▶ What to produce:
Where the listing below reaches the line containing "cable déboucheur canalisation Arcueil", start writing out lines exactly, and stop once the line containing "Sobrado de 126m² com 4 quartos em Vila Guaca" has been written.

▶ Material provided:
-*-*-

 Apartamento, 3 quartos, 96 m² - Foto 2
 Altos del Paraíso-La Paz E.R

-*-*-

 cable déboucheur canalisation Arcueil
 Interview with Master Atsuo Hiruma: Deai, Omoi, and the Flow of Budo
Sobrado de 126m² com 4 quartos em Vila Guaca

-*-*-

▶ Response:
 cable déboucheur canalisation Arcueil
 Interview with Master Atsuo Hiruma: Deai, Omoi, and the Flow of Budo
Sobrado de 126m² com 4 quartos em Vila Guaca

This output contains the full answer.